CONTRATAPA
› Por Irene Ocampo
Sentada, esperando el momento en que se llevarán el cajón con los restos de mi madre al cementerio, pienso en las cosas que viví con ella. Mis primeros años de vida fueron a su lado. Esa etapa de descubrimientos y extrañas sensaciones de no estar del todo acomodada en el mundo.
Los colores y los sonidos los vi y escuché por primera vez a su lado, en sus brazos quizás. Sin embargo, no recuerdo, ni puedo asociar ningún olor o perfume con mi madre. Siempre olió bien y fue eso, quizás, en mi etapa de rebeldía, lo que me llevó a querer ser lo contrario. Aprendí a caminar de su mano, pero nunca caminé como ella.
En una época temí su mirada. Parecía que lanzaba destellos fulminantes. Pero últimamente se había suavizado, humanizado, quizás otra vez. Aunque el aprendizaje escolar no fue de los mejores recuerdos que tengo con ella, hubieron otros aprendizajes que me acompañaron toda mi vida.
Aprender a cocinar a muy temprana edad, lo básico y necesario para poder sobrevivir, y también algunos platos más complicados. La música, que forma parte de mi vida, la conocí con ella. Y el gusto variado y amplio que hoy tengo empezó a formarse escuchando jazz, tango y música clásica y popular de las radios AM de los años 70.
Coser y tejer también fueron cosas que me enseñó de muy chica, porque yo seguramente quería imitarla, ayudarla, o por simple curiosidad. Y con ella aprendí, de la peor forma, de qué se trata la discriminación por orientación sexual, la homofobia, y más específicamente la lesbofobia. Algo que hubiese preferido no conocer y menos de su parte.
Recuerdos alegres y tristes se mezclan a la hora de repasar la vida que compartimos juntas. Son recuerdos atravesados, matizados, saborizados por el afecto, el cariño, el amor filial y maternal, y también por las consecuencias menos afortunadas que otros sentimientos me provocan.
Mi madre fue mi familia de sangre más directa, la principal en todo caso, y aunque ella tenía muchos hermanos, y por ende yo muchos primos y primas, con los que sólo tuve cercanía en mi infancia, los lazos más fuertes de familiaridad los encontré afuera del círculo de consanguinidad.
Sin embargo, por mucho que me hayan dolido algunos de sus actos, todos aquellos momentos inauguradores, fundantes si se quiere, de mis futuras sensaciones, intereses, y desafíos por sobrellevar, me acompañaron durante todos estos años. Y hoy, que ella no está más conmigo en la forma corporal, siento que me acompaña de todos modos, en esos recuerdos impresos en el comienzo de mi vida.

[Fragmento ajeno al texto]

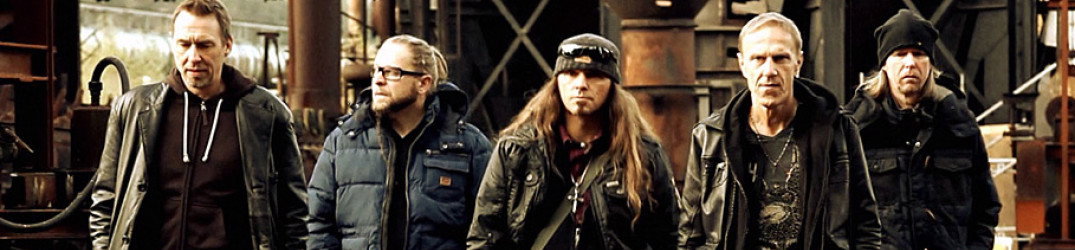 Vanden Plas: ascolta la nuova canzone 'Three Ghosts'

Con las lecturas sobre feminismo, y las charlas con compañeras, pude acomodar algunos de los sentimientos oscuros que los sufrimientos me dejaron. La resiliencia, de la que pude leer hace poco tiempo, me permitió examinar cómo yo, de una manera inconciente, superé los dolores y angustias, para establecer nuevos estándares en mi vida, o restablecer aquellos que conocí alguna vez.
Con el tiempo, los nuevos afectos y las elecciones hechas y vividas con plenitud me permitieron acercarme a mi madre de otro modo. Ella también pasó por sus propias experiencias de transformación. Esto contribuyó a sanar nuestras heridas mutuas, si se quiere.
Por eso hoy que ya no está, y que parece que tantas cosas quedaron inconclusas, siento que lo mejor que pudimos hacer fue finalizar este camino que emprendimos juntas de la mejor manera. Y aunque nos unían muchas cosas, entre ellas el de ser sobrevivientes las dos de lo que el sistema patriarcal, para ella, y además heteronormativo para mí, ofrece a las mujeres pobres, y nos sobrepusimos de modos muy distintos, algo nos siguió aunando de cierta forma.
No es la primera vez que escribo sobre mi madre, supongo que no será la última vez. Hoy sin embargo, por más que me esfuerce, la letra toma un tono un poco más opaco que de costumbre. Es el duelo por su pérdida, que no pretendo disimular, el que acentúa ese tono, para matizarlo no puedo dejar de ser yo: Gracias Mami por todo.